Extracted data
↓↓↓

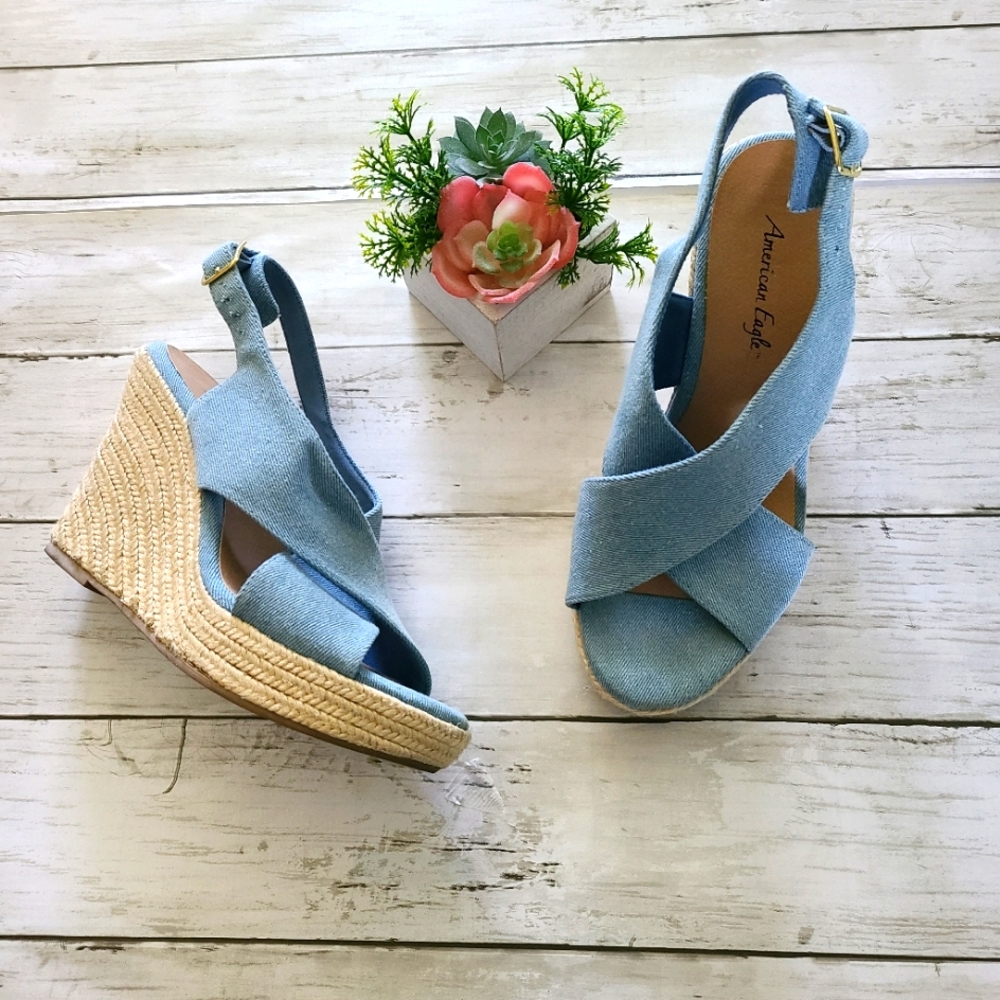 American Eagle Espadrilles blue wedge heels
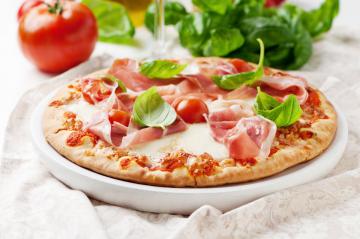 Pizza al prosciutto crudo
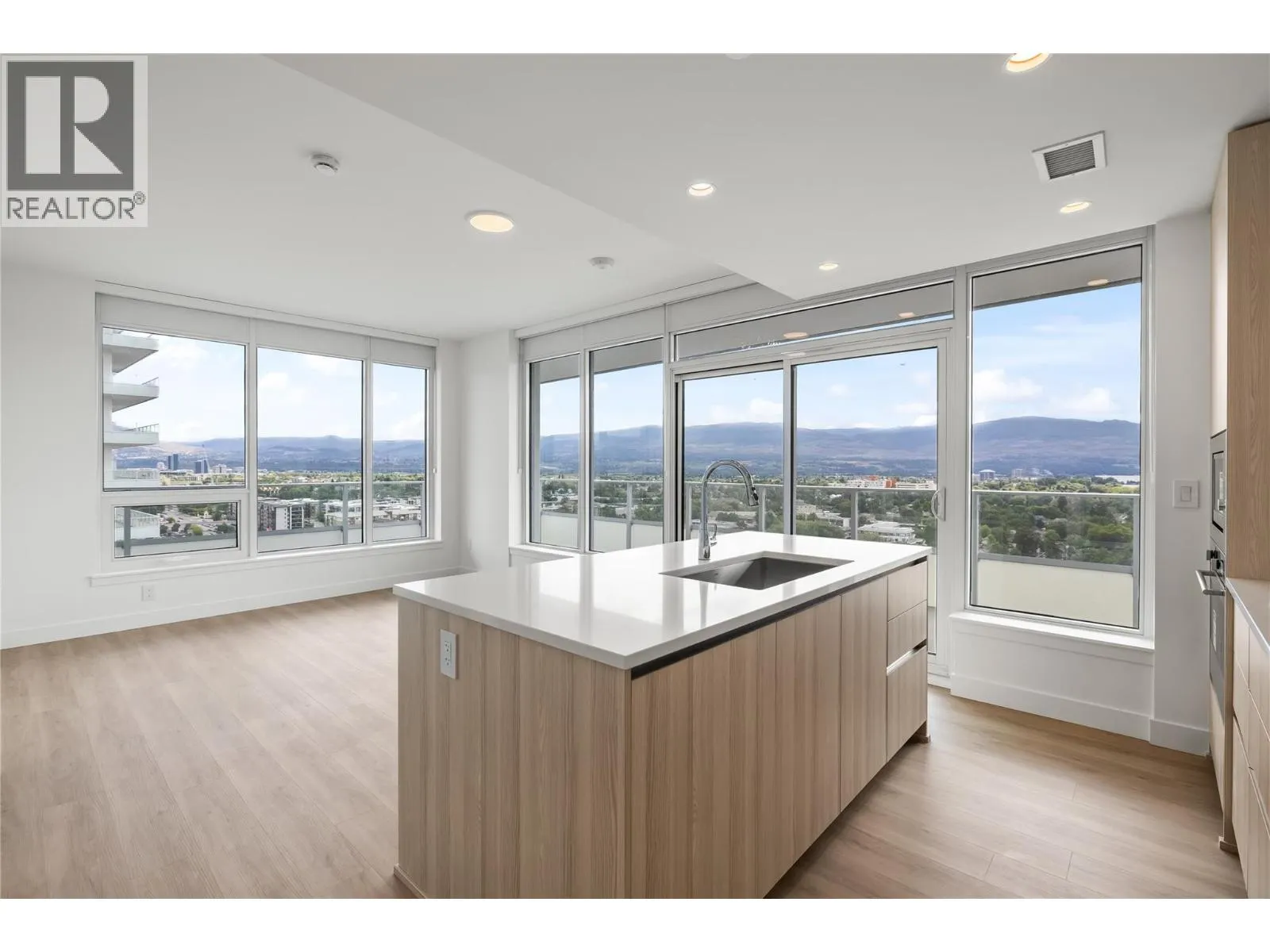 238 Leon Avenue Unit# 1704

↑↑↑
↓↓↓

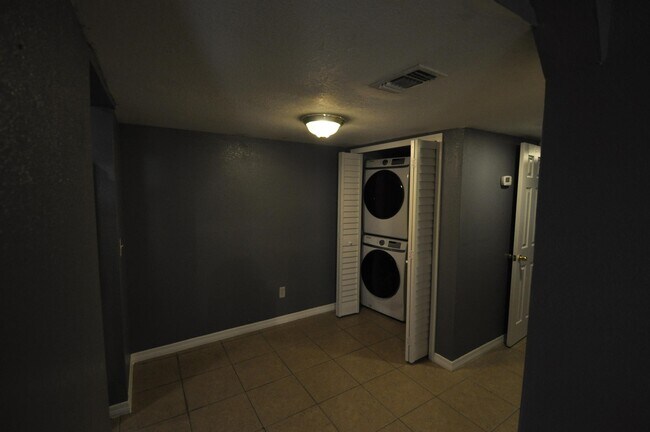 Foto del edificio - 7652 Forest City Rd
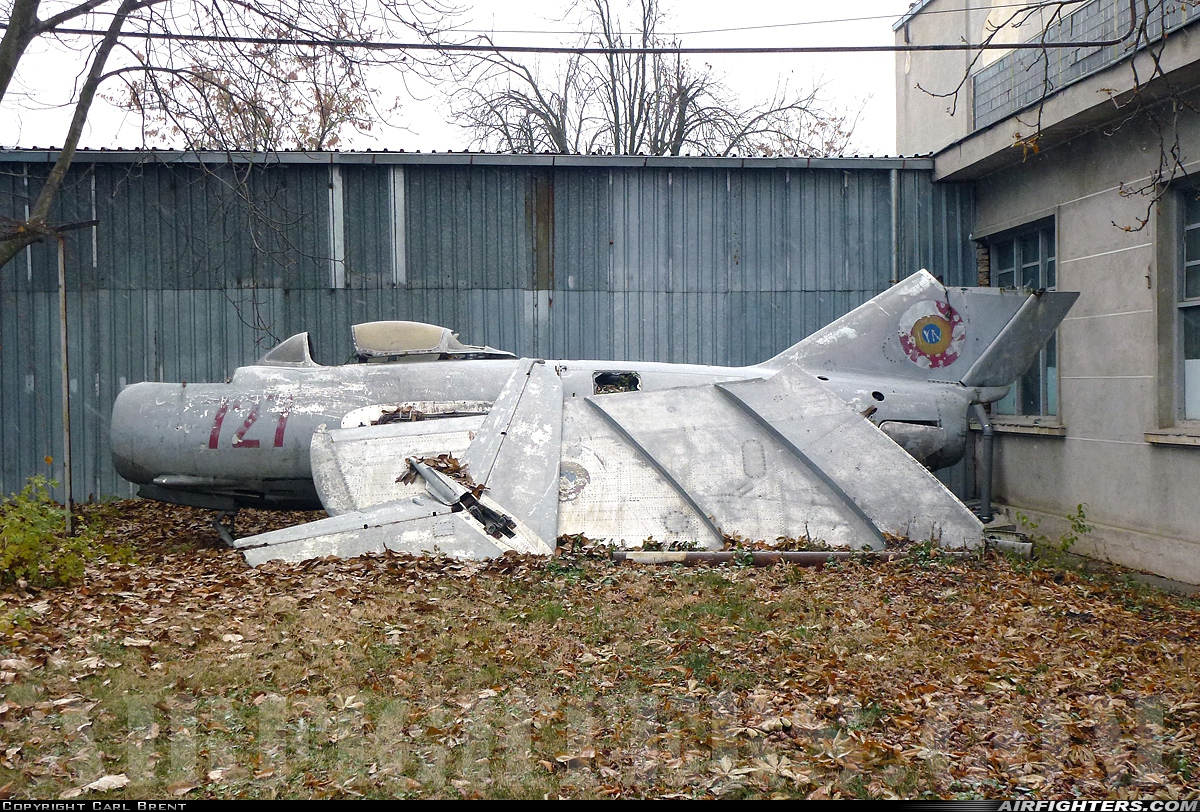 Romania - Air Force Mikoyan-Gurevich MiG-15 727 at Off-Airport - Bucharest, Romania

↑↑↑

Action item
Your answer should consist of the lines above between those holding "Pizza al prosciutto crudo" and "238 Leon Avenue Unit# 1704", inclusive, reproduced word for word and without pictures.

Solution to this task
 Pizza al prosciutto crudo
 238 Leon Avenue Unit# 1704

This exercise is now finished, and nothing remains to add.